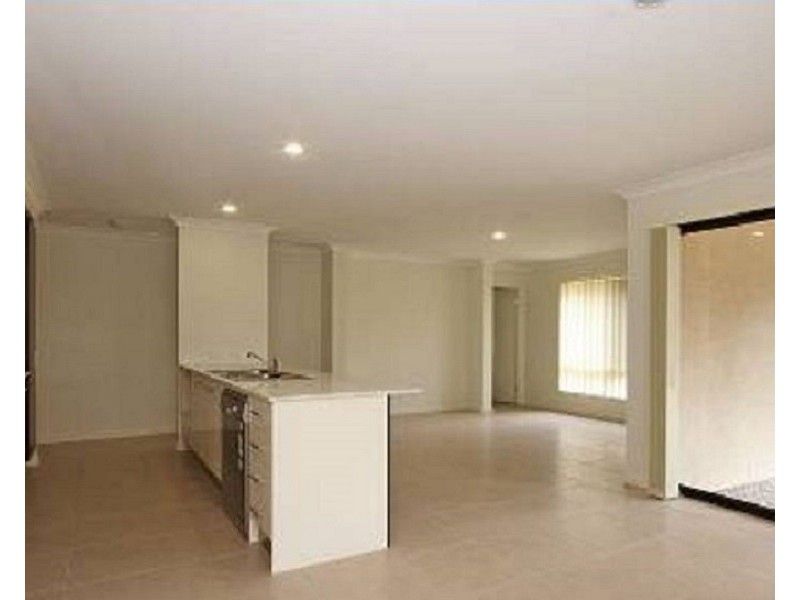 35 Denham Crescent, North Lakes QLD 4509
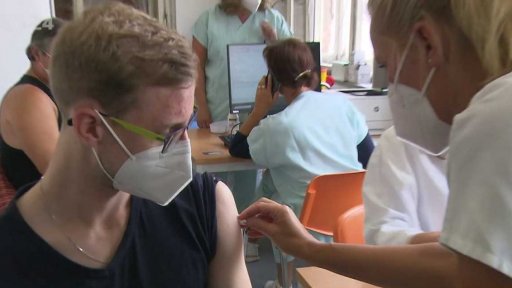 Reportáž dne: Třetí dávka očkování proti covid-19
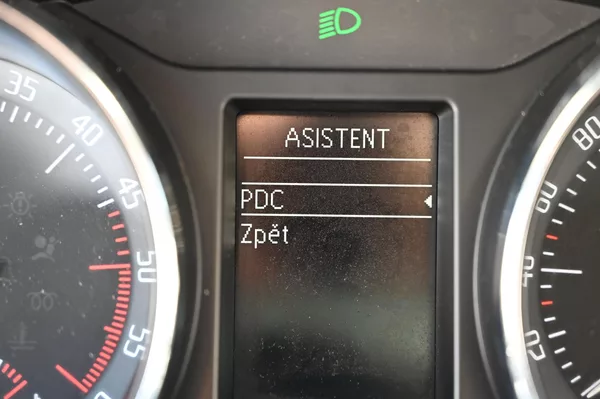 Škoda Superb 2.0TDI 125KW DSG 3/2011 - foto 42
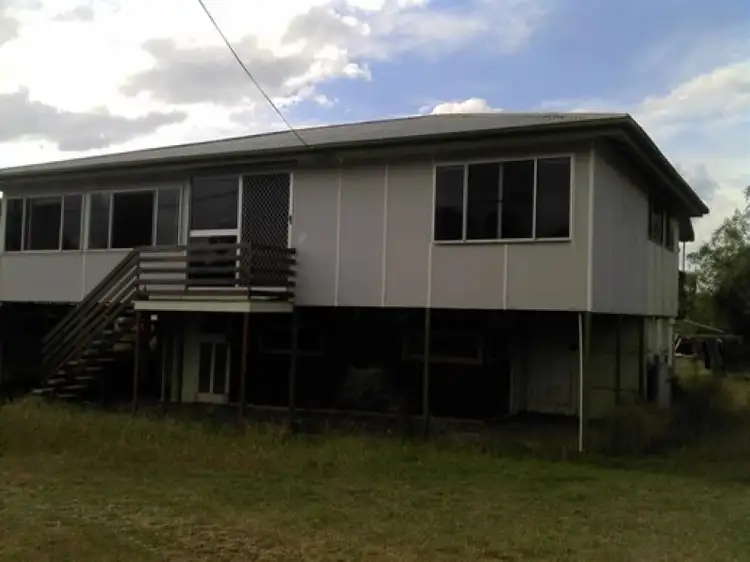 6 Milton, Alpha QLD 4724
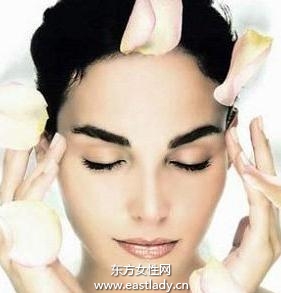 面部美容按摩可延缓衰老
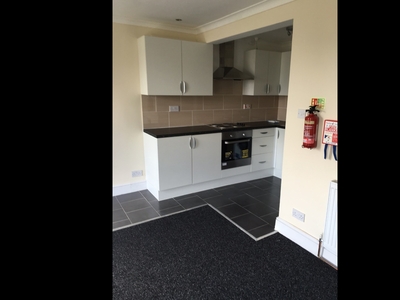 1 Bed Flat, Russell Street, PE1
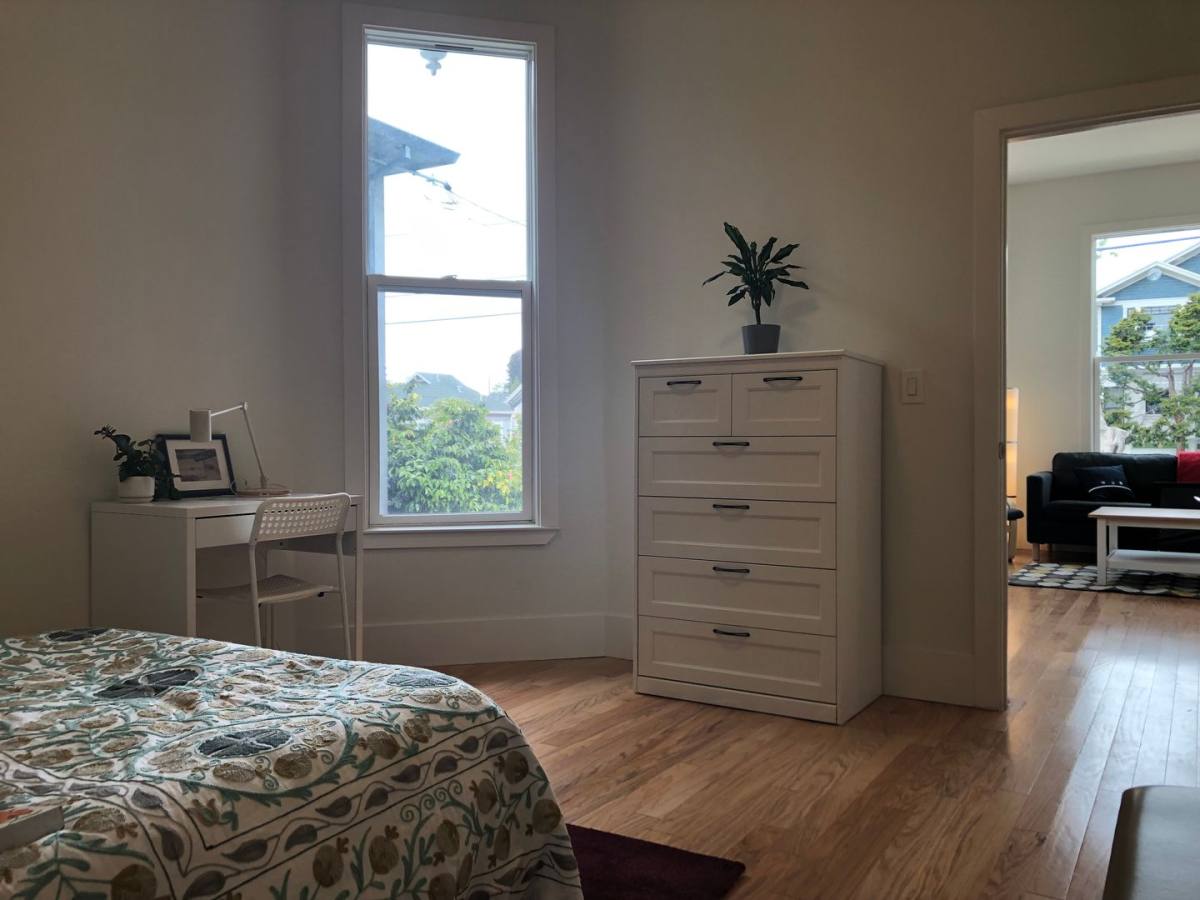 Apartment for rent at 2060 San Antonio Ave, Alameda, CA 94501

# PROBLEM DESCRIPTION
Each record is to be written out exactly. No picture goes in.

# RESULT
 35 Denham Crescent, North Lakes QLD 4509
 Reportáž dne: Třetí dávka očkování proti covid-19
 Škoda Superb 2.0TDI 125KW DSG 3/2011 - foto 42
 6 Milton, Alpha QLD 4724
 面部美容按摩可延缓衰老
 1 Bed Flat, Russell Street, PE1
 Apartment for rent at 2060 San Antonio Ave, Alameda, CA 94501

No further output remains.